Moças amavam Heleno e vice-versa, mas ao que parece, Heleno amava o Botafogo com a mesma intensidade que as mulheres, no entanto sem ser correspondido. Uma das melhores cenas é aquela no vestiário, “bicho” pago por um empate. Centroavantes relativistas, com necessidade de “trabalhar o psicológico”, são frutos de preleções mornas, escretes comandados por técnicos picaretas. Jogadores do passado davam a vida pelo clube e Heleno, completamente lelé da cuca, parecia querer respeitar esta máxima ao extremo. Termina vendido ao Boca Juniors, sempre com o discurso borderline de que ninguém o entende, que há um complô instantâneo contra sua pessoa. No limite viscoso entre perfeccionismo e doença, resta a dúvida se a visão do louco não continha um fundo nevrálgico de lucidez iconoclasta.

Um campo de treinamento em Buenos Aires surge entre brumas, o jogador treina de sobretudo por causa do frio. A essa altura do campeonato, já temos a certeza de que Heleno aponta um caminho para os filmes sobre futebol no país: desde o curioso Asa Branca (1980), passando pelos documentários laudatórios – Garrincha, Alegria do Povo (1963); Isto É Pelé (1974); Flamengo Paixão (1980) – só o mínimo que seja verdadeiro interessa ao olhar. No filme de Joaquim Pedro de Andrade, Garrincha representa o hosana, trazido de Pau Grande para vingar sua nação. E Heleno, o que significa? A fotografia de Walter Carvalho, a trilha sonora, mostram que Heleno de Freitas se encaixará em um espaço vazio neste imaginário: o do galã glamouroso.

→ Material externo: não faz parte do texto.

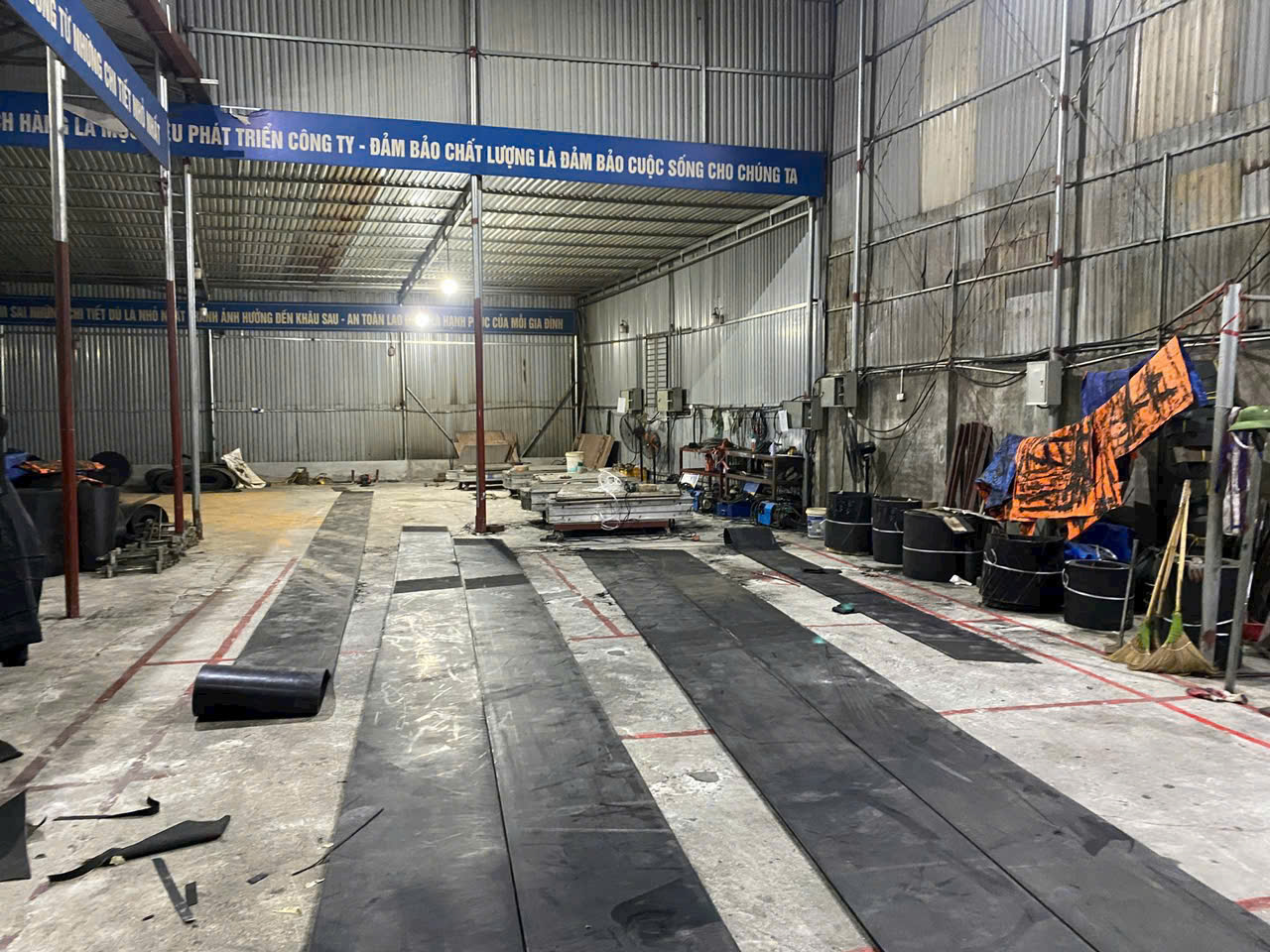 z6346764333385_3ad9fa86b0171ce644aecb705a6da0f4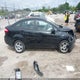 3FADP4BJ1JM122302 2018 Ford Fiesta Se auction photo thumbnail 13
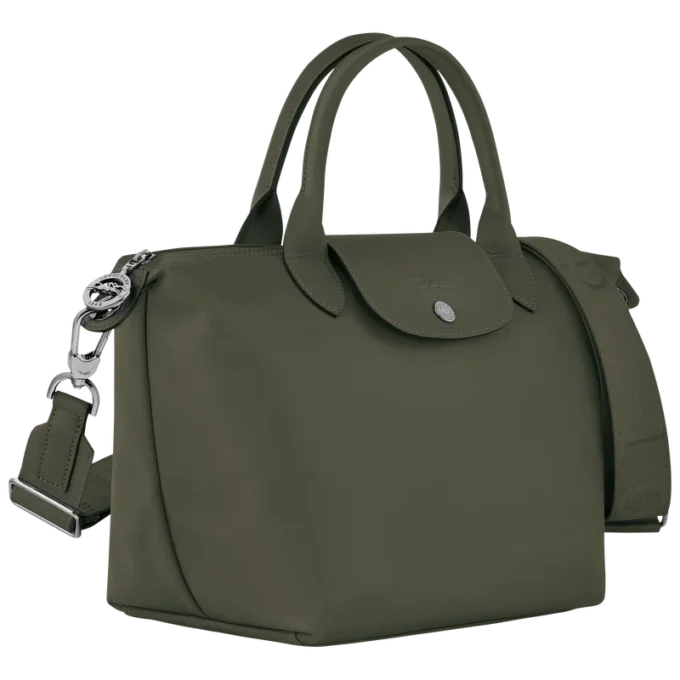 Le Pliage Xtra S Handbag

Sujeitos como Renato Gaúcho – biografado pelo mesmo autor do livro de Heleno, Marcos Eduardo Neves – e até o “animal” Edmundo, cumpririam bem a tarefa do craque Valentino, porém deram o azar de um Rio de Janeiro chinfrim, que trocou a Zona Sul pela Barra da Tijuca, Billie Holiday pela “mina de fé” no motelzinho em São Conrado. Heleno já está distante o suficiente para uma retrofitagem absoluta. O que não elimina nossa ânsia por uma cinebiografia de Renato Gaúcho: abatendo suas lebres, atropelando os quarterbacks do Atlético Mineiro e ouvindo pagode no Vip’s ou no Shalimar.  

Se o espectador quiser satisfazer-se definitivamente, atente aos diálogos que o roteiro coloca na boca dos personagens. Não às conversas no sanatório; não ao portunhol castiço da crooner; não à dedicação passiva e sem caráter do falso amigo que lhe rouba a esposa, no melhor estilo de Gilda (1946), a original. Principalmente às tiradas do próprio Heleno-Santoro: literárias e humanas, ilustrando momentos que vão e voltam, da glória ao abandono, manipulando o cruzamento do temporal e do eterno. Só um idiota da objetividade não perceberá que este vagar disperso, este descompromisso com a compreensão didática, fica plenamente explicado na conclusão última: “Eu sou”. Quando a mulher afirma que vai casar com outro, ele promete vender o apartamento para “morar no Copacabana Palace. Lá que é o meu lugar.”. Pois é o lugar de todos nós, Heleno. Se acabamos fantasmas nas arquibancadas de General Severiano, se acabamos espectadores de Pelé no cinema, é porque a vida não faz o mínimo sentido. Explorando esta falta de sentido, Heleno me parece quase irretocável.